Arrivé il y a un an à la tête de la police judiciaire (PJ) de Paris, avec l'étiquette d'un «grand flic», M. Petit est soupçonné d'avoir violé le secret d'une enquête impliquant l'ancien patron de l'unité d'élite de la gendarmerie (GIGN), Christian Prouteau, et un célèbre escroc français, Christophe Rocancourt.

L'enquête en question est un dossier de corruption impliquant Christophe Rocancourt, emprisonné en octobre pour escroquerie et trafic d'influence. Cinq autres personnes, dont Christian Prouteau, sont également mises en examen dans cette affaire.

Surnommé «l'escroc des stars» pour avoir abusé dans le passé de célébrités du monde entier, M. Rocancourt est soupçonné d'avoir tenté, contre paiement, de faire régulariser des personnes sans-papiers.

Lors de sa garde à vue en octobre, Christian Prouteau était apparu très au courant du dossier, laissant penser aux enquêteurs qu'il avait pu être renseigné en amont. Cette hypothèse a été confortée par des écoutes téléphoniques.

Scandales en série au «36»

Ce scandale n'est que le dernier d'une longue série pour la police parisienne. La maison centenaire vit depuis quelques mois un feuilleton très noir que n'aurait pas renié l'écrivain belge Georges Simenon qui immortalisa le «36 quai des Orfèvres» dans ses romans policiers.

La nomination de Bernard Petit, 59 ans, ancien inspecteur qui a gravi tous les échelons de la hiérarchie policière ne s'est pas faite sans remous.

Il remplace Christian Flaesch, qui vient alors d'être écarté sans ménagement par Manuel Valls, à cette époque ministre de l'Intérieur, pour avoir prévenu un proche de l'ex-président Nicolas Sarkozy, Brice Hortefeux, d'une convocation par ses services.

À peine Bernard Petit commence-t-il à imprimer sa marque sur la PJ, que celle-ci est frappée fin avril 2014 par une première secousse. Une touriste canadienne porte plainte, affirmant avoir été violée par des hommes de la brigade antigang, au siège même de la police parisienne.

Le nouvel homme fort fait face et évoque le «devoir d'exemplarité» des policiers du «36».

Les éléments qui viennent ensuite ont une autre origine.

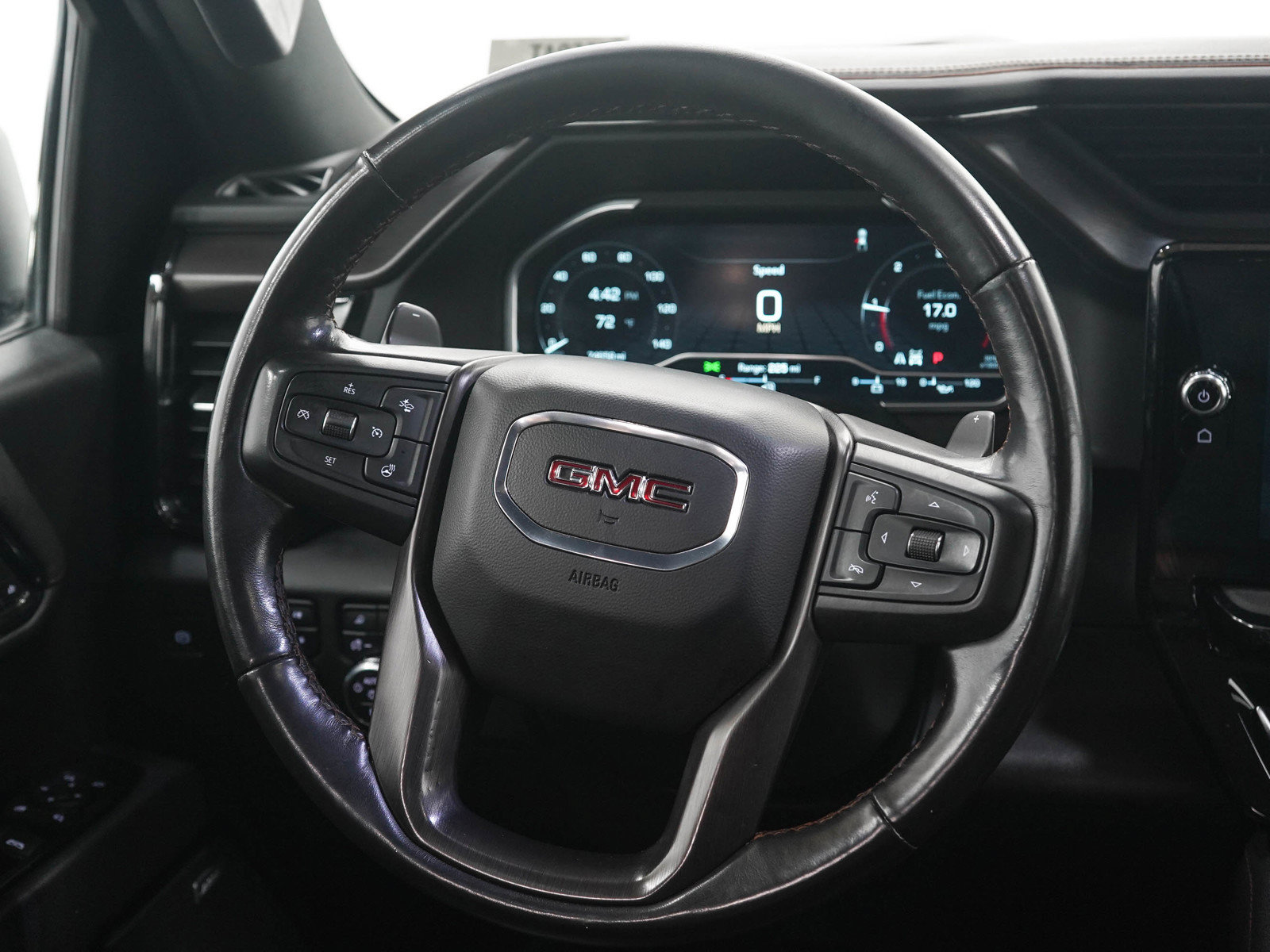 Used 2022 GMC Sierra 1500 AT4 w/ AT4 Premium Package AWD/4WD image 17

Quelques semaines plus tard, fin juillet, deuxième électrochoc : 52 kg de cocaïne disparaissent d'une salle des scellés du quai des Orfèvres. Les soupçons se portent très vite sur un ex-membre de la brigade des stupéfiants, emprisonné en août, mais la drogue - d'une valeur estimée à 2 millions d'euros (2,8 millions de dollars) - n'a toujours pas été retrouvée.

Malgré ces deux séismes, Bernard Petit garde la confiance du gouvernement. «C'est difficile de lui reprocher quoi que ce soit dans ces deux affaires, mais ça fait évidemment tache», juge un enquêteur.

À son crédit, l'arrestation de Jean-Luc Germani, figure du milieu corse en cavale depuis 2011, et sa gestion des attentats parisiens début janvier.

«Ce qui est paradoxal, c'est qu'il s'était construit l'image d'un patron tenant la barre dans le tumulte, droit, et avec une ligne dure», estime un syndicaliste policier. «Il s'était placé comme l'homme qui lave plus blanc que blanc. Si les faits sont avérés, c'est vraiment l'arroseur arrosé.»

Passés le choc et la surprise de la mise en cause de leur patron, les policiers du «36» s'interrogent sur la capacité de la police parisienne à se remettre de ce nouveau séisme.

«On pensait avoir touché le fond. On s'était trompé, on creuse encore!» lâche mi-amusé, mi-amer, un vétéran du «36».